How to handle left recursion in syntax highlightning?

I want to handle the optional type in the syntax highlightning, shown below (expressed in PEG grammar):

type -> optional_type | array_type | identifier
optional_type -> type?
array_type -> [type]
identifier -> regularExpression("[a-zA-Z_][a-zA-Z0-9_]*")

To parse the optional_type, we need to first look ahead and find the ?. I don’t know how to do so.

Are you asking how to do lookaheads with regular expressions? The regex lookahead pattern is (?=...) so to match type in type? the regex would be type(?=\?).

If you want to match all of type? but only capture type, then you could use (type)\?, and then use a capture syntax XML element like <capture number="1" name="mysyntax.type.optional" />. For an example, see Nova matching documentation.

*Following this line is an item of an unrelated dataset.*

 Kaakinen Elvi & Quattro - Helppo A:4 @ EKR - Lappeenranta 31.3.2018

If you don’t know about it yet, regex101.com is an incredibly useful tool for testing your regexes. It also has a reference in the lower right for finding the syntax for regex patterns.

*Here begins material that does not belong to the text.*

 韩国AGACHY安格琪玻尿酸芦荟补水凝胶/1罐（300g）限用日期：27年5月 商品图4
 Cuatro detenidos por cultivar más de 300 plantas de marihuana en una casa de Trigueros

It seems that this approach works only if type can be parsed by a regular expression.

But often, we want type to be a scope defined by a collection (defined in Nova syntax), so it can be recursively reused.

Yes, scopes are defined by regular expression matches. So for a scope you want to reuse, you put it in a separate collection. Here’s an example collection from what you have above:

<collection name="types">
  <scope name="mysyntax.type.optional">
    <expression>\b([a-zA-Z_][a-zA-Z0-9_]*)\?</expression>
    <capture number="1" name="mysyntax.type.optional.identifier" />
  </scope>
  <scope name="mysyntax.type.array">
    <expression>\[([a-zA-Z_][a-zA-Z0-9_]*)\]</expression>
    <capture number="1" name="mysyntax.type.array.identifier" />
  </scope>
  <scope name="mysyntax.type.identifier">
    <expression>(?<!\[)\b[a-zA-Z_][a-zA-Z0-9_]*\b(?!\]|\?)</expression>
  </scope>
</collection>

You then can use this collection in subscopes (for a scope with starts-with and ends-with elements) with an include element. So say you want to create a variable definition scope for a syntax that looks like this:

var name1: SomeType = some expression;
var name2: [SomeType];

This scope may look like the following:

<scope name="mysyntax.definition.variable">
  <starts-with>
    <expression>\b(var)\s+([a-zA-Z_][a-zA-Z0-9_]*)(:)?\s*</expression>
    <capture number="1" name="mysyntax.keyword.construct.variable" />
    <capture number="2" name="mysyntax.identifier.name" />
  </starts-with>
  <ends-with>
    <expression>(\=)(?!\=)|(\;)</expression>
    <capture number="1" name="mysyntax.operator" />
    <capture number="2" name="mysyntax.semicolon" />
  </ends-with>
  <subscopes>
    <include syntax="self" collection="types" />
  </subscopes>
</scope>

The types collection can be reused/included in other scopes like function parameter types, return types, etc. Moreover, if this variable definition scope is in a collection, then that definition collection can be used in other subscopes to achieve the “recursive” behavior.